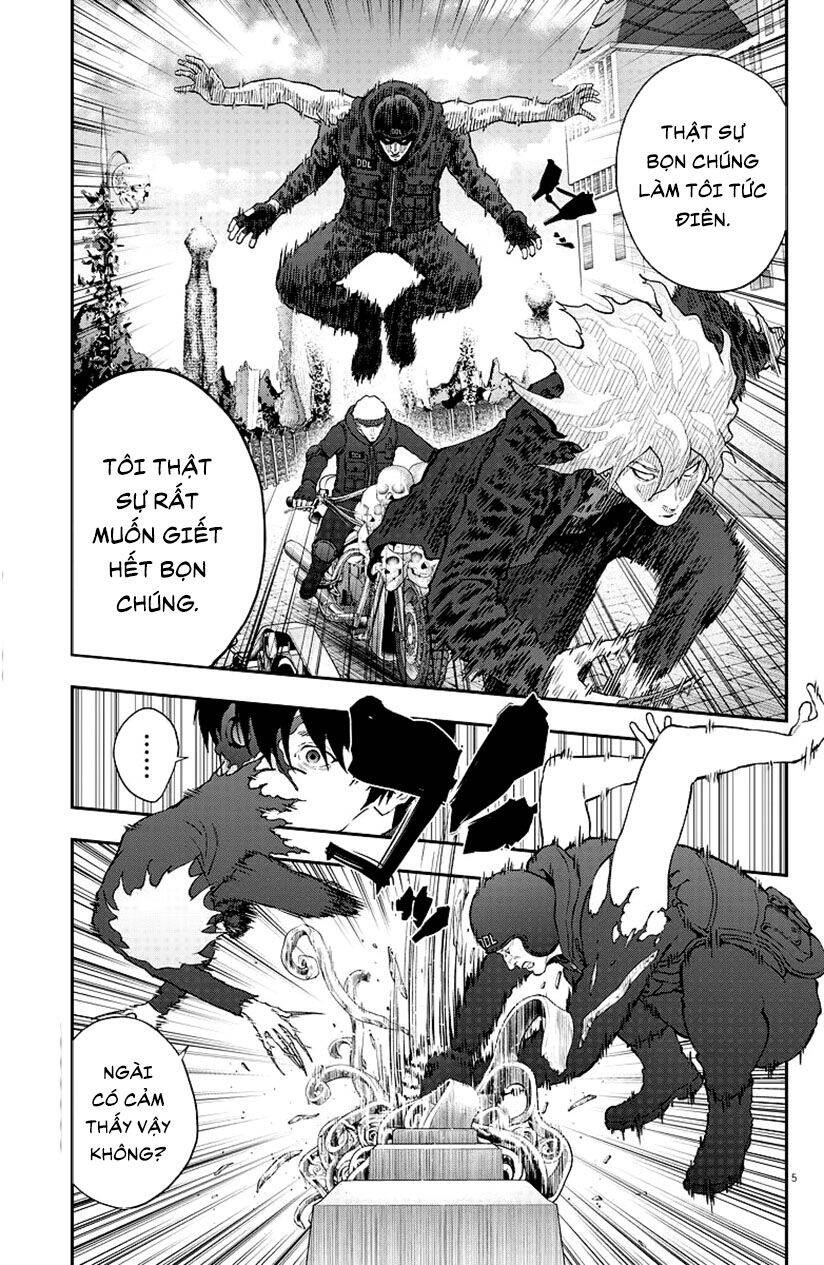 Đọa Nhân Chapter 112 - 5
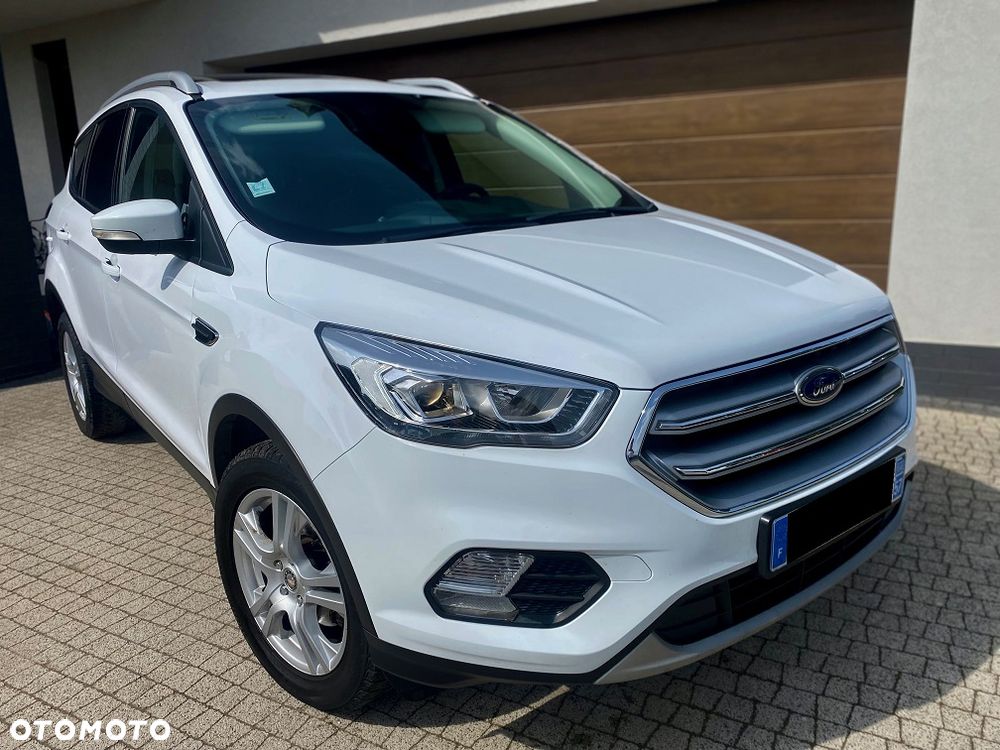Ford Kuga 1.5 EcoBoost FWD Titanium ASS - 14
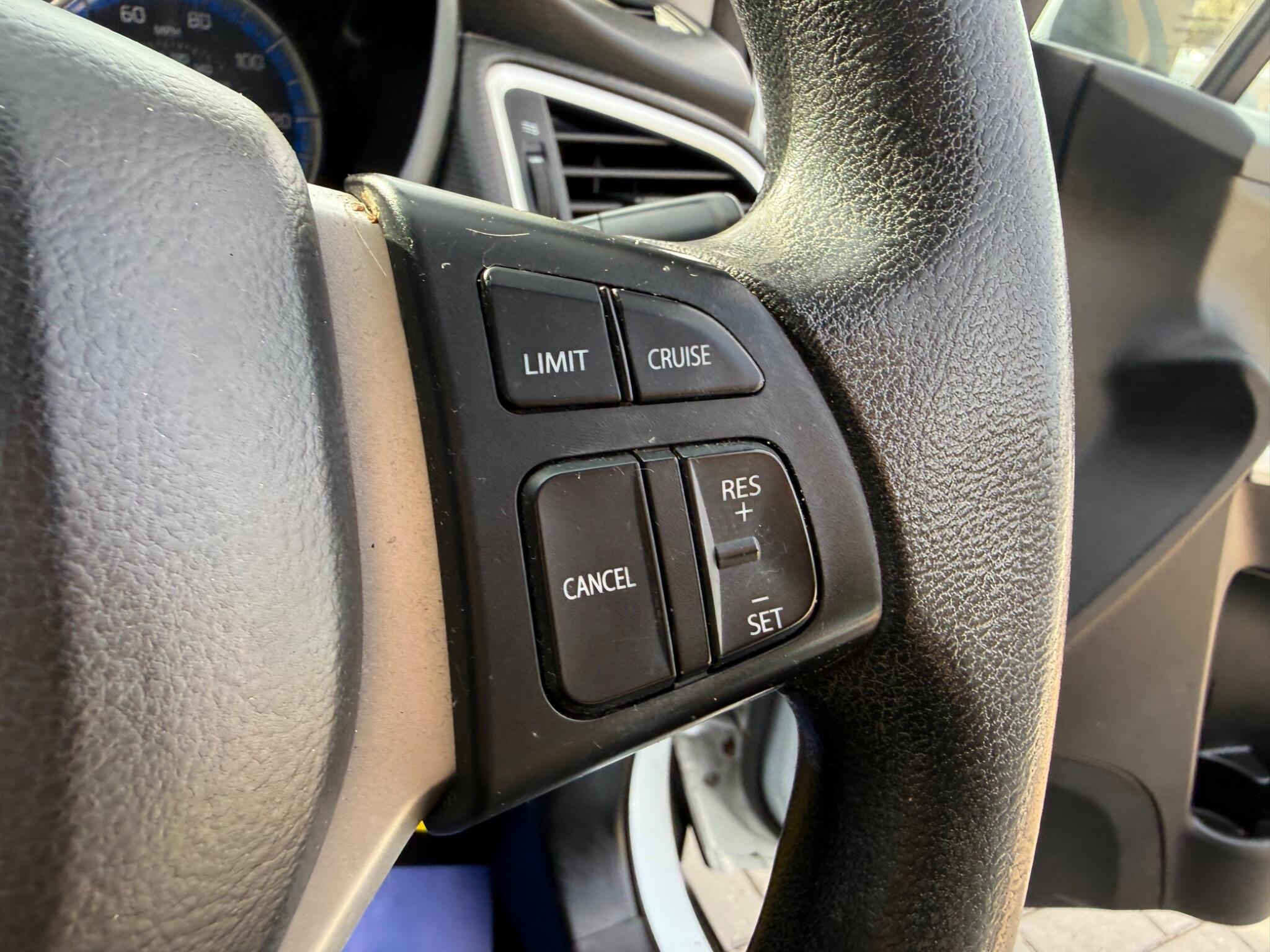 Suzuki SX4 S-Cross view 29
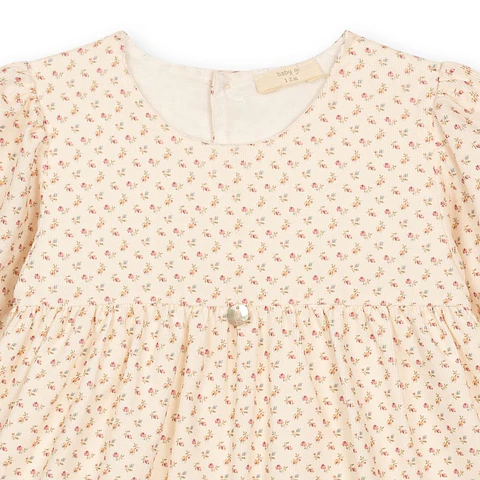 Vestido Peach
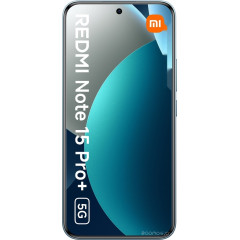 Телефон Xiaomi Redmi Note 15 Pro+ 5G 12GB/512GB международная версия (синий)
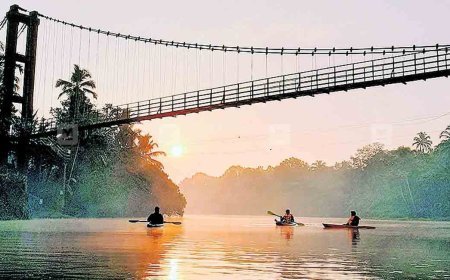 ഈ വർഷം നിർബന്ധമായും കണ്ടിരിക്കണമെന്നു ന്യൂയോർക്ക് ടൈംസ് പറഞ്ഞ കോട്ടയത്തെ 3 സ്ഥലങ്ങൾ!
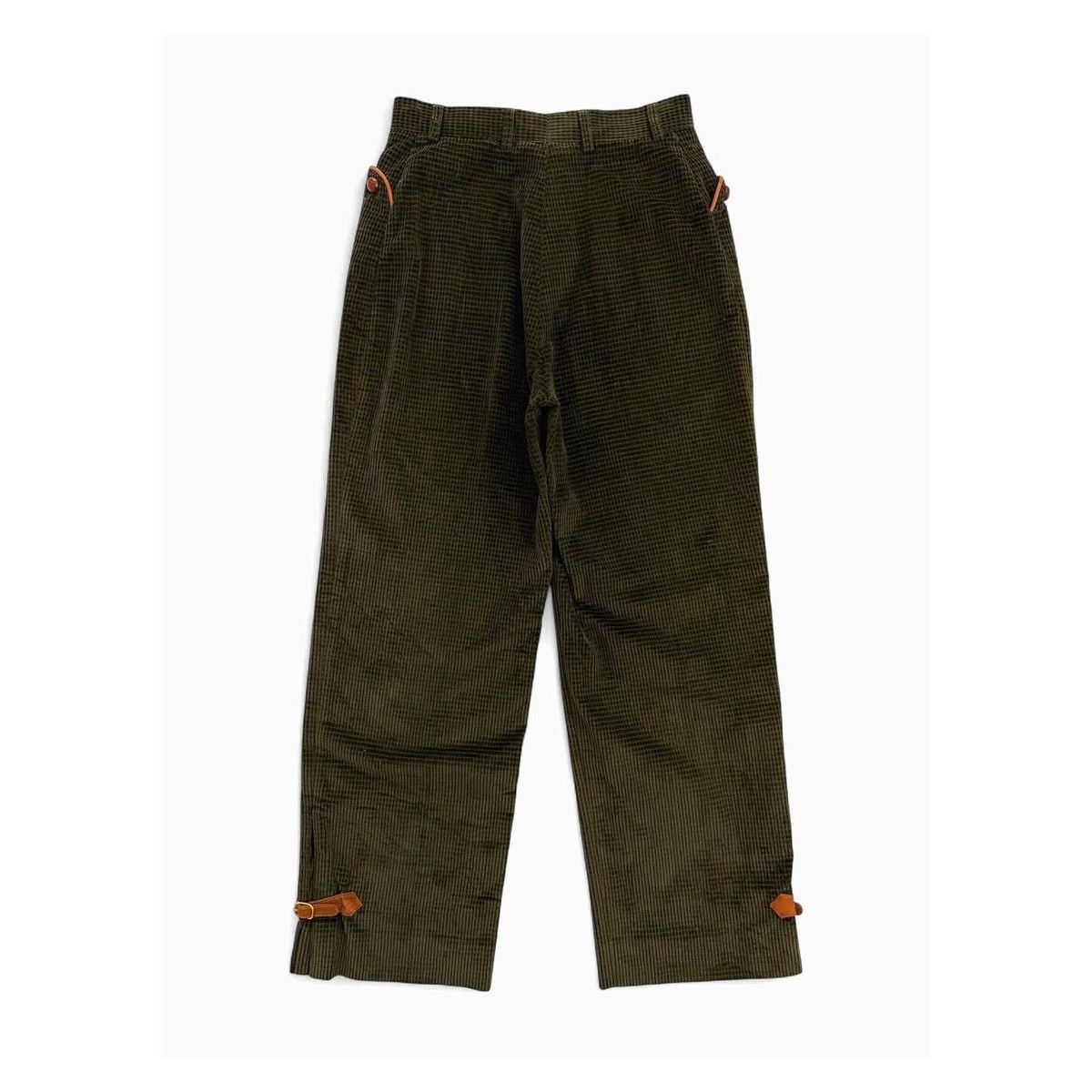 Gucci Vintage Gucci 70’s Pants Size 25" / US 0 / IT 36 - 12 Thumbnail
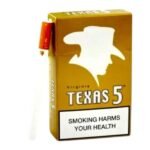 Texas 5 Gold ส่งฟรี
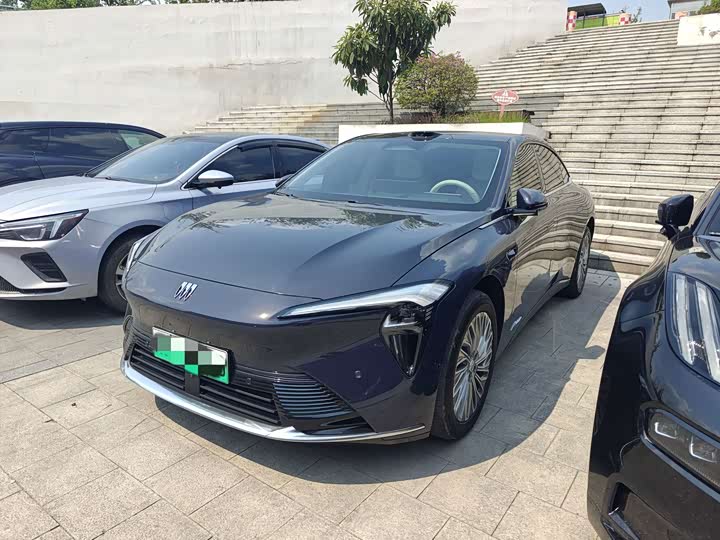 Buick Electra L7, 2025 — купить в Перми под ключ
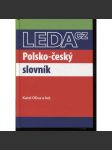 Polsko-český slovník - náhled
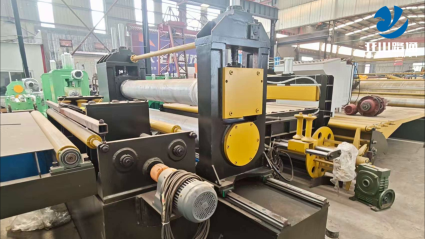 Leveling and Cutting Machinery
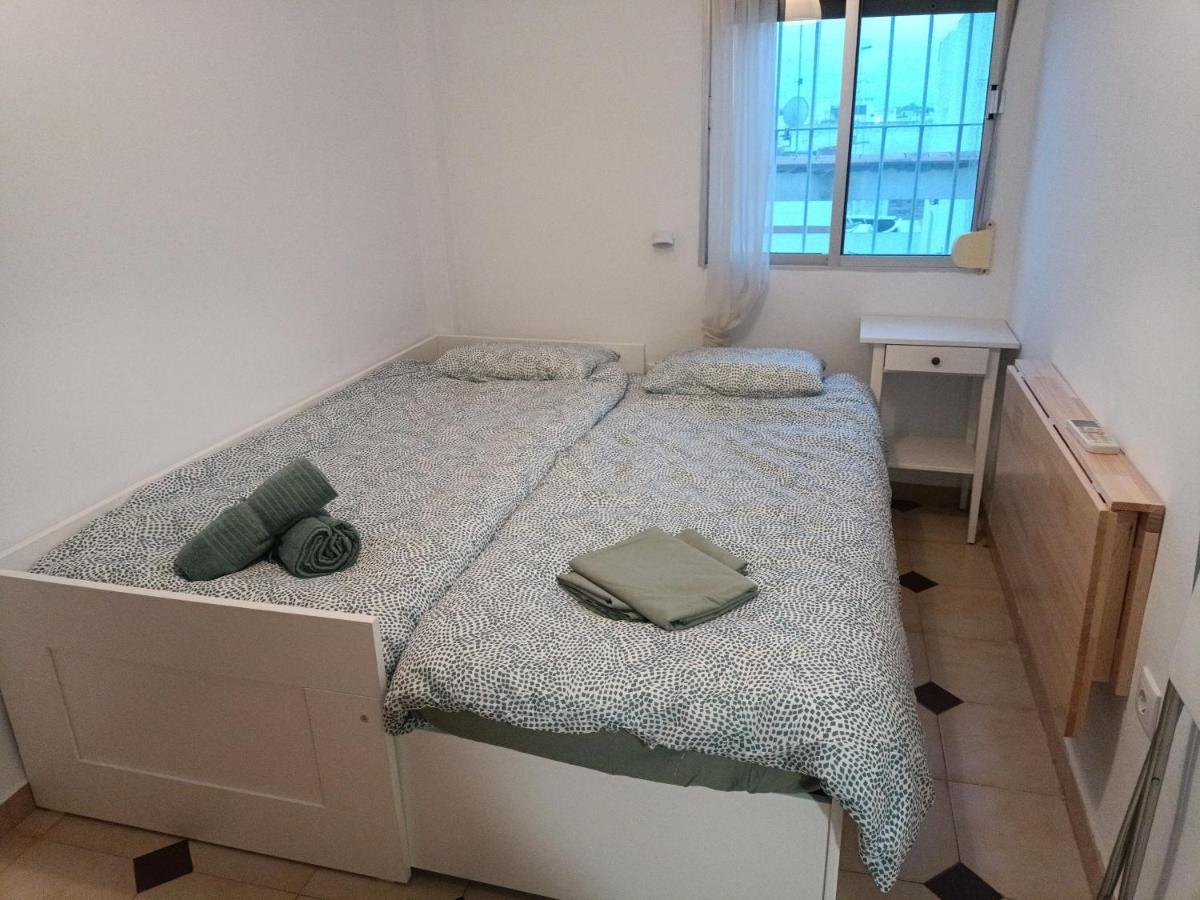 Appartamento La Azotea De Cristina Siviglia Esterno foto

--------------------------------

### Task:
Leaving out the pictures, repeat all the entries exactly as they stand.

### Result for this exercise:
 Đọa Nhân Chapter 112 - 5
Ford Kuga 1.5 EcoBoost FWD Titanium ASS - 14
 Suzuki SX4 S-Cross view 29
 Vestido Peach
 Телефон Xiaomi Redmi Note 15 Pro+ 5G 12GB/512GB международная версия (синий)
 ഈ വർഷം നിർബന്ധമായും കണ്ടിരിക്കണമെന്നു ന്യൂയോർക്ക് ടൈംസ് പറഞ്ഞ കോട്ടയത്തെ 3 സ്ഥലങ്ങൾ!
 Gucci Vintage Gucci 70’s Pants Size 25" / US 0 / IT 36 - 12 Thumbnail
 Texas 5 Gold ส่งฟรี
 Buick Electra L7, 2025 — купить в Перми под ключ
 Polsko-český slovník - náhled
 Leveling and Cutting Machinery
 Appartamento La Azotea De Cristina Siviglia Esterno foto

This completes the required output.